WHAT THE TASK REQUIRES | A verbatim repeat of the lines below is required, with the pictures removed.

INFORMATION SUPPLIED |
-------

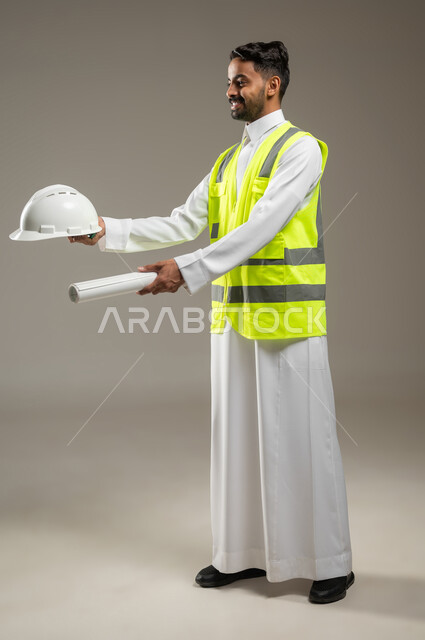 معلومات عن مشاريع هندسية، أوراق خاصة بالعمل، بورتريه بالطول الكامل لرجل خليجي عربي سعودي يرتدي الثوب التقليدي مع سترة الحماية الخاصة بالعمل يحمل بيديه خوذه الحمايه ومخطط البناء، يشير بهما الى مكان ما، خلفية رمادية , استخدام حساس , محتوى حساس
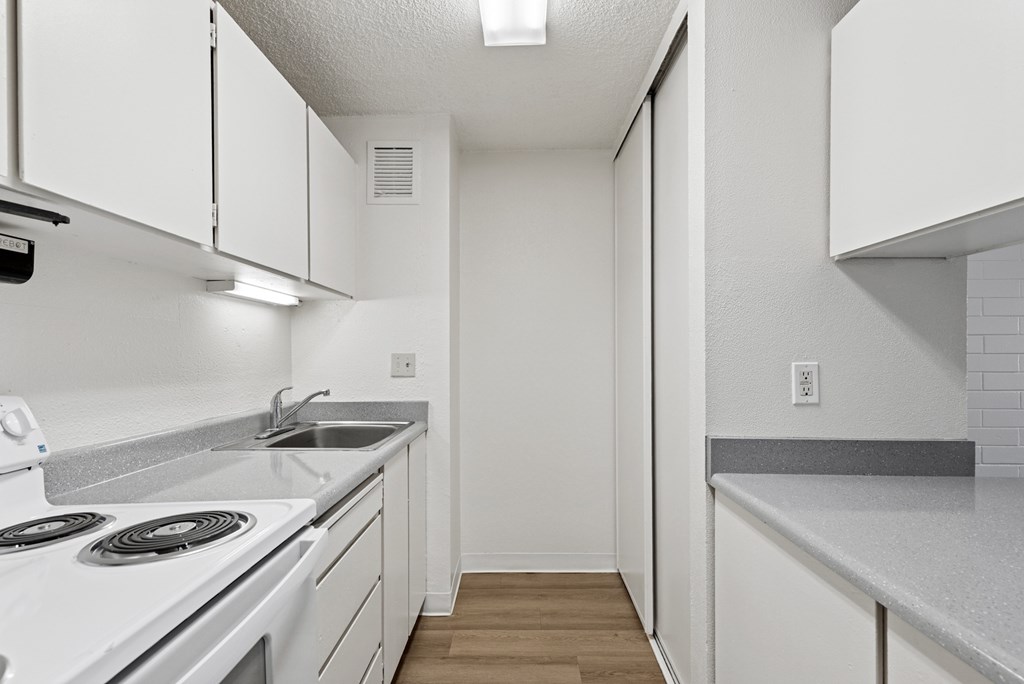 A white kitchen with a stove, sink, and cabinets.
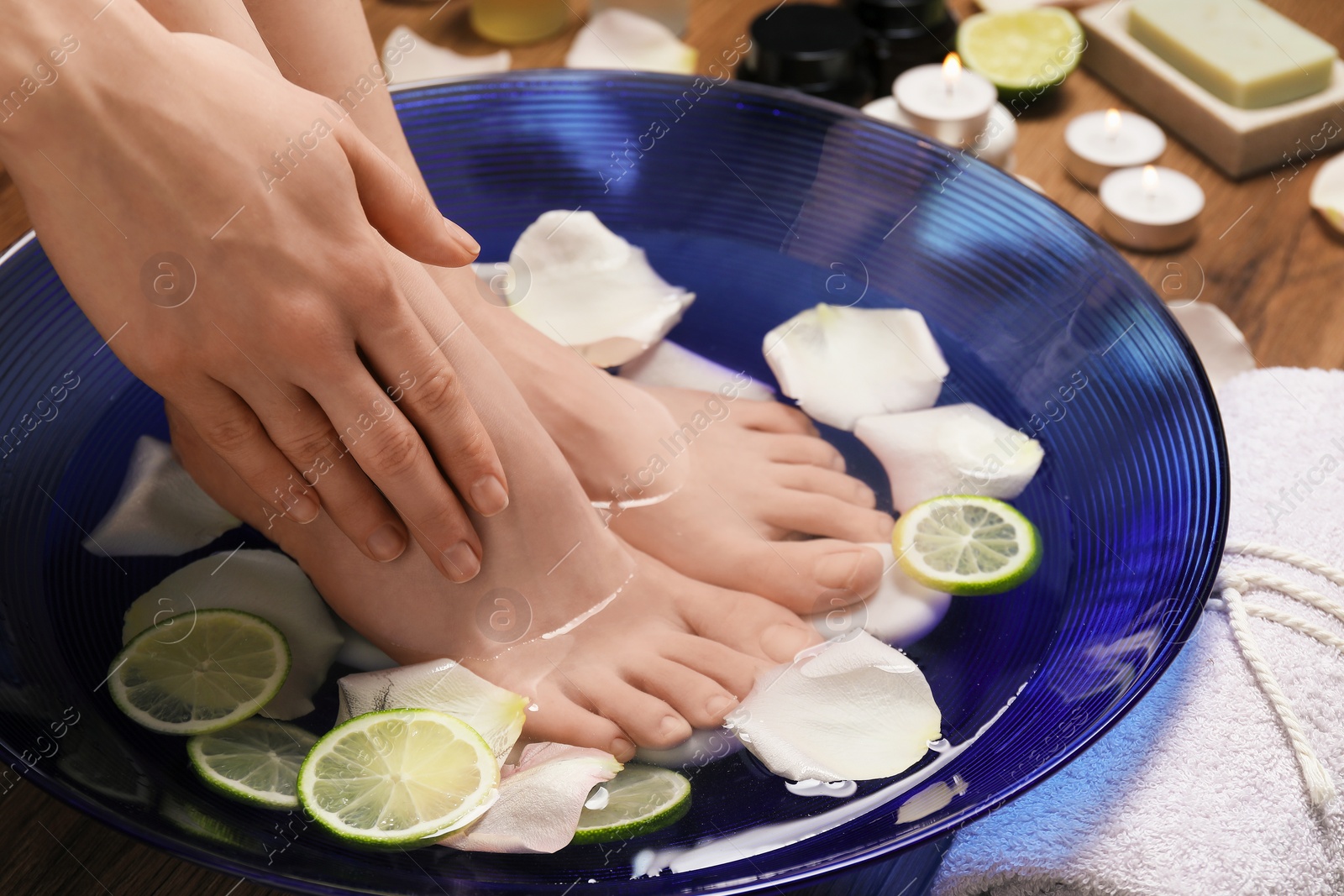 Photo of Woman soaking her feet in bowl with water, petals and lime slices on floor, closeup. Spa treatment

-------

OUTPUT OF THE EXERCISE |
 معلومات عن مشاريع هندسية، أوراق خاصة بالعمل، بورتريه بالطول الكامل لرجل خليجي عربي سعودي يرتدي الثوب التقليدي مع سترة الحماية الخاصة بالعمل يحمل بيديه خوذه الحمايه ومخطط البناء، يشير بهما الى مكان ما، خلفية رمادية , استخدام حساس , محتوى حساس
 A white kitchen with a stove, sink, and cabinets.
 Photo of Woman soaking her feet in bowl with water, petals and lime slices on floor, closeup. Spa treatment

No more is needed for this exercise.